En mi concepto este proceso empezó con la ley de víctimas que aprobó el congreso de Colombia, al entender que sólo cicatrizando esa gran herida conformada por millones de heridas individuales de las víctimas, será posible pasar la página de la violencia para pensar en otra Colombia, donde cada vez hayan menos ciudadanos resentidos con sus instituciones por nunca haber contado con la protección que como miembros de una país democrático aparentemente tienen. No es posible exigirles amor por su patria y respeto por un sistema de gobierno a ciudadanos que han sido abandonados por ese mismo sistema, como tampoco es coherente pretender que quienes no son victimas vean legítimo un estado que desprotege a sus semejantes.
Con todas las bondades que trae consigo la ley, particularmente resalto la de la reconciliación entre el Estado colombiano con millones de hombres y mujeres que han dejado de creer con justa causa en la constitución política que garantiza dentro de los fines del estado: “proteger a todas las personas residente en Colombia, en su vida, honra y bienes…..” fe que perdieron al ver morir a sus seres queridos y ser desplazados de sus tierras y pueblos, resentimiento que ha sido por décadas caldo de cultivo para engrosar las filas de todos los grupos ilegales que operan en el territorio nacional, discurso que esta ley les arrebata.
Sería utópico contar con el éxito de la ley de víctimas sin prever las enormes dificultades de su aplicación y ejecución en los próximos 10 años, reto aun mayor que el accidentado periplo que tuvo por el Congreso, por ejemplo, en lo que se refiere a la tierra, los despojadores acudirán a instancias legales y a la violencia si es preciso para cumplir con la acertada exigencia de la carga de la prueba que sabiamente la ley les determinó, con el fin de no dejar en la parte más débil la responsabilidad de probar su derecho a la propiedad, aumentarán la cifra de asesinados representantes de desterrados y la corrupción hará lo propio terciando para los intereses de los que más tienen.
Sin embargo, es obvio el compromiso del gobierno que ha tomado como suya esta iniciativa del Partido Liberal y ha sacado su talante reformista para lograrla, queda el compromiso que el estado adelantará las pesquisas e investigaciones que permitan acertar en la restitución a los verdaderos dueños; garantía que de ser cumplida, haría de este proceso no un enfrentamiento desigual entre despojador y despojado si no, entre el Estado junto con el despojado contra el despojador.
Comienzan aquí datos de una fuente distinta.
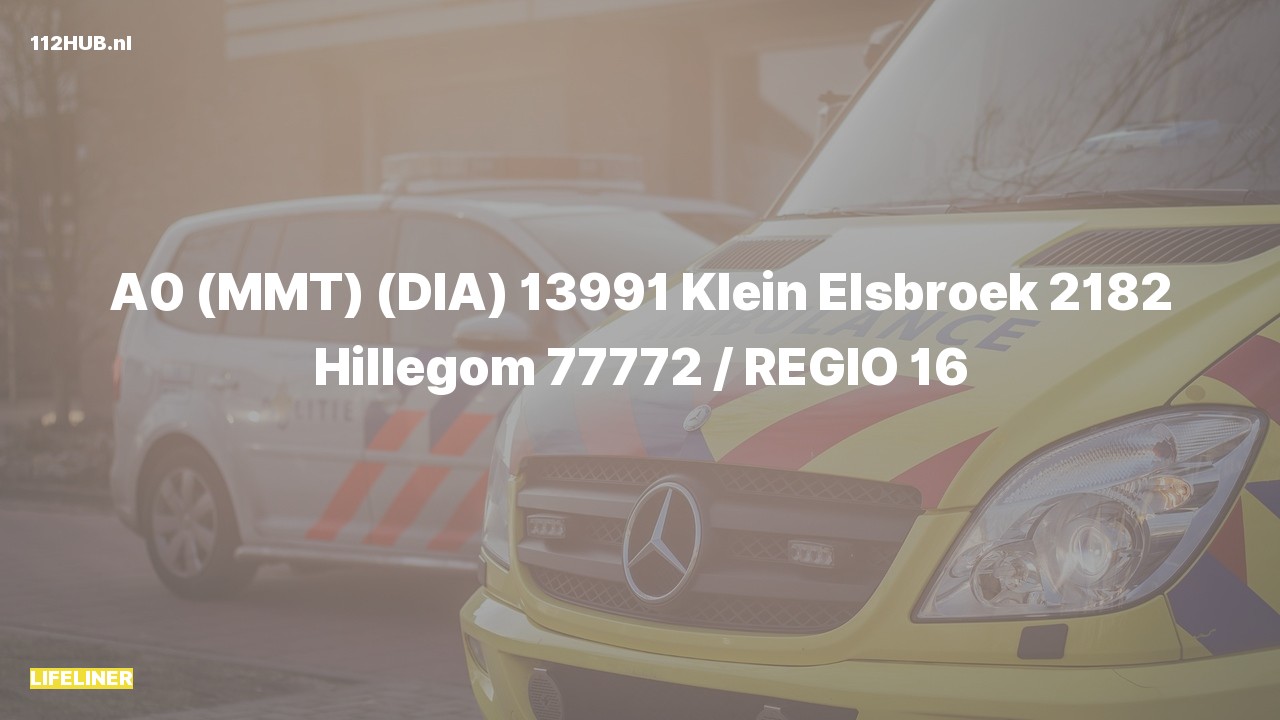 Deelafbeelding voor Traumahelikopter met spoed naar de Klein Elsbroek in Hillegom.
Estaremos atentos al desarrollo de esta política que pone a Colombia en el punto más alto en materia de derechos humanos y la hace brillar como una nación que emprende su camino a la reconciliación, reconociendo a sus víctimas y asumiendo su responsabilidad, no sólo en la violencia generada a raíz de la propiedad si no en la muerte de inocentes dentro del conflicto armado. Como lo dijimos antes, es la compuerta a la paz.